5. Rongorongo (Easter Island - Rapa Nui)
Rongorongo is the name given to the as-yet-undeciphered language script of Easter Island, home to the ominous moai statues. Situated in the depths of the Pacific Ocean, hundreds of miles from any other island, let alone another appreciable land mass, the now-dead culture that built those statues and formulated the language were isolated for much of their existence. The culture's descendants - the Rapa Nui - have since lost all knowledge of the language, its script and the reason why the statues exist. To decipher the language would surely provide archaeologists with answers as to the statues' existence.

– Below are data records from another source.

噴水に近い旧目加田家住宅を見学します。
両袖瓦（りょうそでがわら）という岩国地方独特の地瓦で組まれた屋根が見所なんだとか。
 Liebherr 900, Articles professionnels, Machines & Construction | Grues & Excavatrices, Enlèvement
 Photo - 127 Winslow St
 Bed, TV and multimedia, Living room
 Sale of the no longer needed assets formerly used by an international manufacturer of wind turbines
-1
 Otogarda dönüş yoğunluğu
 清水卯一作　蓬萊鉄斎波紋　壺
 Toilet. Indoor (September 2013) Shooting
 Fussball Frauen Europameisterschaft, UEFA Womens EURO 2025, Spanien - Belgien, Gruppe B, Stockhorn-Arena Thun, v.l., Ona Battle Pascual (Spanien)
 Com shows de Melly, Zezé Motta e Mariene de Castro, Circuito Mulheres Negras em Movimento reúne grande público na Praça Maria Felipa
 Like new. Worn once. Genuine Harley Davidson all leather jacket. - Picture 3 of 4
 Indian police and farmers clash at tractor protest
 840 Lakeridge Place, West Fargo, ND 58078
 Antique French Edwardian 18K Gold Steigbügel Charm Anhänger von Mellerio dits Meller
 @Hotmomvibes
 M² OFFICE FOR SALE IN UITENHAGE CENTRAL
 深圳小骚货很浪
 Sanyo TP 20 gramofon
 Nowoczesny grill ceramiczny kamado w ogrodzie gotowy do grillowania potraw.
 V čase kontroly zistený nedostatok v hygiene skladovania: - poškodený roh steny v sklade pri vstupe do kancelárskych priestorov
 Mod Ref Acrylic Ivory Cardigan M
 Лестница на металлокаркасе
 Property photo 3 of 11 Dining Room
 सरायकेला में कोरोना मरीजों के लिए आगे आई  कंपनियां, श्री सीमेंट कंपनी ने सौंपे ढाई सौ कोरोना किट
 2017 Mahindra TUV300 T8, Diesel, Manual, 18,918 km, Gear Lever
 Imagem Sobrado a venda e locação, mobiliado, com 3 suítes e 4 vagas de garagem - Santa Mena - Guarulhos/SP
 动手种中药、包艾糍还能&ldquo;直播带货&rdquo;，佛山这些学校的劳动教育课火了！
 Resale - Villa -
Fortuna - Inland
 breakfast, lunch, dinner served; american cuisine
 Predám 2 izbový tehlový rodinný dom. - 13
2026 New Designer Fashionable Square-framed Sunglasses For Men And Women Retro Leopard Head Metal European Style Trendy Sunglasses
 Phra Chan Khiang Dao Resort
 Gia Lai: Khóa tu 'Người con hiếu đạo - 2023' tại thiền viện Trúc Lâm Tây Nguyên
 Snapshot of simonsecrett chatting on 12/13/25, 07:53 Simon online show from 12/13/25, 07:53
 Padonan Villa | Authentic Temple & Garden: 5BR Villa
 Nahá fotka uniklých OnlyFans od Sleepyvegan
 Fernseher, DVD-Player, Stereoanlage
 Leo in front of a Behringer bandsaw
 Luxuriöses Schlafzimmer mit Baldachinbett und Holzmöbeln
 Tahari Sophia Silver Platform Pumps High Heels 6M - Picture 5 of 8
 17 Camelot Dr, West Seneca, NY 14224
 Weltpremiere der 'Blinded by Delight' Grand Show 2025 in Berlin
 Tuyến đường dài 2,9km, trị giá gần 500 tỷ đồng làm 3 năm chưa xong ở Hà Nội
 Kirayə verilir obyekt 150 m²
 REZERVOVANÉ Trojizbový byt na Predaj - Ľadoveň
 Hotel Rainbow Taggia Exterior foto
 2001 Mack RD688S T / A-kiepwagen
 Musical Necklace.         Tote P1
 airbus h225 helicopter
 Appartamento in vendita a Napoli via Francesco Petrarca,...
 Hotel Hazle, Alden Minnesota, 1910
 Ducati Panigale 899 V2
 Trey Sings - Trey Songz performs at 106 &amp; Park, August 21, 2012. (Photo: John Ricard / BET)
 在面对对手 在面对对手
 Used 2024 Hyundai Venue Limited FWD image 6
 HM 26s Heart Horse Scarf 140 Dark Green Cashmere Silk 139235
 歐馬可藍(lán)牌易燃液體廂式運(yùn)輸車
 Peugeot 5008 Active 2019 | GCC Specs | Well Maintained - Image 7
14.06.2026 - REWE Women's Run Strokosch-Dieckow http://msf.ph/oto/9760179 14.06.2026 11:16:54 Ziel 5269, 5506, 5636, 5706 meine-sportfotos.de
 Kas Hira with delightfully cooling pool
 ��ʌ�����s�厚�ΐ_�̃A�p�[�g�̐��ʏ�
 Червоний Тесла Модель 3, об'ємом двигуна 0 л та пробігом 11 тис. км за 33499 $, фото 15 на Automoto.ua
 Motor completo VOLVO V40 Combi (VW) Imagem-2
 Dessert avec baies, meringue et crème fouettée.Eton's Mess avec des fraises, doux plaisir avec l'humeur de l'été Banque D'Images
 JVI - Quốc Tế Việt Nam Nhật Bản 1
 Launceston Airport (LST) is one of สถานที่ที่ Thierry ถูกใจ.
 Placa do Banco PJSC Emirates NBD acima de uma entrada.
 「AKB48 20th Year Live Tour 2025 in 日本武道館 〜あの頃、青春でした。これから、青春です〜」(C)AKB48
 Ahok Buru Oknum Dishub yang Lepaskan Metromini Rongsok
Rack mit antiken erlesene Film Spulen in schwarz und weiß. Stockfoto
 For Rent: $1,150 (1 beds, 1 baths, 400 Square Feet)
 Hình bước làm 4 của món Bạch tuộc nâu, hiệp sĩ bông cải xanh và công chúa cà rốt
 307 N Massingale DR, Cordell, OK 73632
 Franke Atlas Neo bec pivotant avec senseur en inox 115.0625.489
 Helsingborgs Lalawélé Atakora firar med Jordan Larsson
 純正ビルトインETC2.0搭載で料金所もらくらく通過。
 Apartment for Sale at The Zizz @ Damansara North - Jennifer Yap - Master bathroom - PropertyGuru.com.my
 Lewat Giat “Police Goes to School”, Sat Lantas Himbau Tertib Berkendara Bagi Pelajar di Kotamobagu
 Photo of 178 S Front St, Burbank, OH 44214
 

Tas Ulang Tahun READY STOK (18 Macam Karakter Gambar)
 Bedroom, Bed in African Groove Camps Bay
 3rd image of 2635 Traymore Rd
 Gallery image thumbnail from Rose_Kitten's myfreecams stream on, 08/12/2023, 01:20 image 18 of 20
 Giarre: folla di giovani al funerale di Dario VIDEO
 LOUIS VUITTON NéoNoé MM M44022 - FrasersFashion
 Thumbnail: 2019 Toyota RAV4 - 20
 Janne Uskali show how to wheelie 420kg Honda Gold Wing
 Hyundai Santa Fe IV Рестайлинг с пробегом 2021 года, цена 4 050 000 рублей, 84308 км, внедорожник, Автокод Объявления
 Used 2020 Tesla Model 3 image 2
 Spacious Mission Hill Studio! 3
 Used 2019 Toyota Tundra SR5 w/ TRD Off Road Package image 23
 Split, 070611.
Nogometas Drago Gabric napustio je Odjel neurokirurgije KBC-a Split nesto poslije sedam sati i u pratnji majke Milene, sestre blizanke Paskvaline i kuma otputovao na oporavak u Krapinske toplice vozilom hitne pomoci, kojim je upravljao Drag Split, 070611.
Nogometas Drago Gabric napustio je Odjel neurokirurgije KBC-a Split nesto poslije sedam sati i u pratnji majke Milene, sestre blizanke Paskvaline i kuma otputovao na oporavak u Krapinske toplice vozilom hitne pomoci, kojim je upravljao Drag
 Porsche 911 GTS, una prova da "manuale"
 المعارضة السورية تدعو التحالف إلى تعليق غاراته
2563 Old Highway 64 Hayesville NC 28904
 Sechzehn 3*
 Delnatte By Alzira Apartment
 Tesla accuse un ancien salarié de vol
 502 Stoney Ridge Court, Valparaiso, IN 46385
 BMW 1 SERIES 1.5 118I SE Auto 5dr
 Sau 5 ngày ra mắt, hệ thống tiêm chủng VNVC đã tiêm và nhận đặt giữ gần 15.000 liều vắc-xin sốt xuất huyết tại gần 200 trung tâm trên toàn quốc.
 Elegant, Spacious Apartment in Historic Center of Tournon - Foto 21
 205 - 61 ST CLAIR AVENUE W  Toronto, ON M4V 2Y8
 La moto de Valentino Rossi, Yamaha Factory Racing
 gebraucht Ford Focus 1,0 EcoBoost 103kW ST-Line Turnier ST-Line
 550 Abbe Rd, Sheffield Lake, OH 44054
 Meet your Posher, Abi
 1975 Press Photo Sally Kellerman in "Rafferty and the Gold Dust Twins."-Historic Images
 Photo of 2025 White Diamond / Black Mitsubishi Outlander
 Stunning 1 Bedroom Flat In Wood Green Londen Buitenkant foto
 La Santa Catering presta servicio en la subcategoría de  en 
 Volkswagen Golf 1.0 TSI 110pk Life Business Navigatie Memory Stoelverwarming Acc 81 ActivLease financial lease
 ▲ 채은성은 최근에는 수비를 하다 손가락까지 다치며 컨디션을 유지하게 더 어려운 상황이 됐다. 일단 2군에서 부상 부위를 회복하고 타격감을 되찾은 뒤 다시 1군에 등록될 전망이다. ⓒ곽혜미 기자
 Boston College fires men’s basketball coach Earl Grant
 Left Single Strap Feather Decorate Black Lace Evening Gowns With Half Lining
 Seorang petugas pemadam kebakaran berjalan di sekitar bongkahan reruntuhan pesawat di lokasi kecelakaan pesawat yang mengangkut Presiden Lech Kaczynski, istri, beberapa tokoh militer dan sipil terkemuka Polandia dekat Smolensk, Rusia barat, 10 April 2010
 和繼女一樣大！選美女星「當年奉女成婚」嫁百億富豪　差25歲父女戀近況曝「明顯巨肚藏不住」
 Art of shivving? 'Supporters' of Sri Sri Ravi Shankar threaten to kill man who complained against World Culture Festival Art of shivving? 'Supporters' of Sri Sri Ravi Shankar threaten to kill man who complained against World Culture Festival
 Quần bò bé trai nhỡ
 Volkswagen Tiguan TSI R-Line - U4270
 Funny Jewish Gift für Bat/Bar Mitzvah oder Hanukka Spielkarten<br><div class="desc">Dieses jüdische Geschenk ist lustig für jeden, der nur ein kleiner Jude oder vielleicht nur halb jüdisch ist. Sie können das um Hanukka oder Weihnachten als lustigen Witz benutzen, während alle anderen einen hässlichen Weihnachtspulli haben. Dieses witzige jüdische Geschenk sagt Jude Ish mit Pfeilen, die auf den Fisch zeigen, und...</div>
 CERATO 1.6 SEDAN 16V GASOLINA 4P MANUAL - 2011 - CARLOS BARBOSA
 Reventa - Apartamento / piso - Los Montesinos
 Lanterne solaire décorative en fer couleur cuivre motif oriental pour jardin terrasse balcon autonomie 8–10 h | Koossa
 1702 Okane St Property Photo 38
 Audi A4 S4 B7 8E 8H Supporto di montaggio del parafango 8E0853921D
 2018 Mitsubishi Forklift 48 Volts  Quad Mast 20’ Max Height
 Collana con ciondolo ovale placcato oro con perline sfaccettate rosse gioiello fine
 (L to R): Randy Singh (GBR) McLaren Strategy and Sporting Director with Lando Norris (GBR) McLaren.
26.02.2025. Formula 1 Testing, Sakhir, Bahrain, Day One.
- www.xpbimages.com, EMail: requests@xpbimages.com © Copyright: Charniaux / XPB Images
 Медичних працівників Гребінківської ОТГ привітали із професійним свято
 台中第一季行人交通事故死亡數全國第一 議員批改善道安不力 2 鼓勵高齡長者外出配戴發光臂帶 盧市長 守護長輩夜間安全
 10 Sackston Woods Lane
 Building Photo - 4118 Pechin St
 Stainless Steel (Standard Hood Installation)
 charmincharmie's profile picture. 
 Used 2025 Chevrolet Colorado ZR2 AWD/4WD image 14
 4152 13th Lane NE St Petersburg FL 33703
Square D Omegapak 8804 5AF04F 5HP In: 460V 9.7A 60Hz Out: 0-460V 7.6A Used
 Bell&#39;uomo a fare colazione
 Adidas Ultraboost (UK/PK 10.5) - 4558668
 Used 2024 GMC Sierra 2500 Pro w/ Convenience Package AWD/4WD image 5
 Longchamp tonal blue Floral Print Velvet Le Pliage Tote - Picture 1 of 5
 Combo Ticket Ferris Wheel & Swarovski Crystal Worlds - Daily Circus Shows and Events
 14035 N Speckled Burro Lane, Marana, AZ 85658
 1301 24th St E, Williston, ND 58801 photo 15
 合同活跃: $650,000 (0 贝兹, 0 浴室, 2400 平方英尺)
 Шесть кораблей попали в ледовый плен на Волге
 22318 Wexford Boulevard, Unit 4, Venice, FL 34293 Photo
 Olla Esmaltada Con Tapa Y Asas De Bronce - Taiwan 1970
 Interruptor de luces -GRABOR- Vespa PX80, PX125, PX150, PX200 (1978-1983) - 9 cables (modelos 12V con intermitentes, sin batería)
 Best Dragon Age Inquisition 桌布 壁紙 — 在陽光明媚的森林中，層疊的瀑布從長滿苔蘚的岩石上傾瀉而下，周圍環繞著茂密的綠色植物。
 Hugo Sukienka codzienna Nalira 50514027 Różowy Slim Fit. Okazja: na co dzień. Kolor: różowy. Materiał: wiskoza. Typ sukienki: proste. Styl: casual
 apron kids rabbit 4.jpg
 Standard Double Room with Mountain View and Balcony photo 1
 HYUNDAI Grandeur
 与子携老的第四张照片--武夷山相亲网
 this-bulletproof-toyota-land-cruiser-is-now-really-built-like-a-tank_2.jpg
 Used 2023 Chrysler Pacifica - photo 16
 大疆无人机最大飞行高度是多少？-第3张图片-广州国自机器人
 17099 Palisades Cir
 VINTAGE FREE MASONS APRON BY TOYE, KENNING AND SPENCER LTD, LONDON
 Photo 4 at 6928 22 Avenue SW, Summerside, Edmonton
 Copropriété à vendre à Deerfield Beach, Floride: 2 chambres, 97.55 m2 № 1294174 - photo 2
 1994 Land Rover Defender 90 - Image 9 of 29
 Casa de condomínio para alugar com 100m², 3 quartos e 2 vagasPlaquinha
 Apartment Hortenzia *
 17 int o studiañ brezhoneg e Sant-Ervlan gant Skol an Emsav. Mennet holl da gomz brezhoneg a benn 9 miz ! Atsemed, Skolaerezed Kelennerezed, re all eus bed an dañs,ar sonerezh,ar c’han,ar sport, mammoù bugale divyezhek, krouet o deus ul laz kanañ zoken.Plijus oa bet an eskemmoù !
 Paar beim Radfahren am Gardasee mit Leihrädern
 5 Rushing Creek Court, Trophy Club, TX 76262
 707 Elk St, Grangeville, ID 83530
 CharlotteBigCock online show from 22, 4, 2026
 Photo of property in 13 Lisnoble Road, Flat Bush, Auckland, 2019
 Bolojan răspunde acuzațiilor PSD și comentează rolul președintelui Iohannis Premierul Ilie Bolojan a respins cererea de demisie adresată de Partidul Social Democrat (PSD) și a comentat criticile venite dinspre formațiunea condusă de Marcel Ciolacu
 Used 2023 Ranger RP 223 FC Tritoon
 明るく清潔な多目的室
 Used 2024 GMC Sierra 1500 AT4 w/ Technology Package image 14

Not the most glamorous of linguistic mysteries, but one of the closest to home. The pre-Roman British were long thought to be mostly alphabet-less, their language being purely spoken, not written. But ancient stones in Scotland hint at a Pictish writing system - one that has yet to be deciphered. While the stones themselves date to the 4th century, they could hint at a pre-Roman alphabet which was used to inscribe words on perishable materials (wood, hide etc), meaning that the ancient British may have had writings, texts and even a literary tradition.
3. Ancient Egyptian
But Ancient Egyptian is no longer a mystery, I hear you cry! While that's true, it was one of the longest-standing, compelling and high-stakes language mysteries of world, up until the discovery of the Rosetta Stone and its deciphering by Champollion in the 1820s. Up until that point the entirety of Ancient Egypt, with its highly visible monuments and plethora of drawings, inscriptions and motifs, had been a true World Mystery. People gazed upon the Sphinx, the temples at Abu Simbel and Karnak, the colossal Pyramids - and hadn't the faintest clue about them. Educated guesses could be made - pyramids obviously contained burial chambers, the large anthropomorphic animals on temples could be gods - but names, myths, stories and reasons were all opaque.
2. Indus Valley script
This is another high-stakes script that has yet to be deciphered. Why is it so important? Because it's the language of the first human city. While Indus Valley sites have been excavated and its culture analysed, we know nothing of its language. The funny thing is, they were prolific writers - as a city society would need to be, as any urbanite can imagine. Signs for shops, economic records, and (most interestingly) mass-produced ritual objects with words on them: all these things abound.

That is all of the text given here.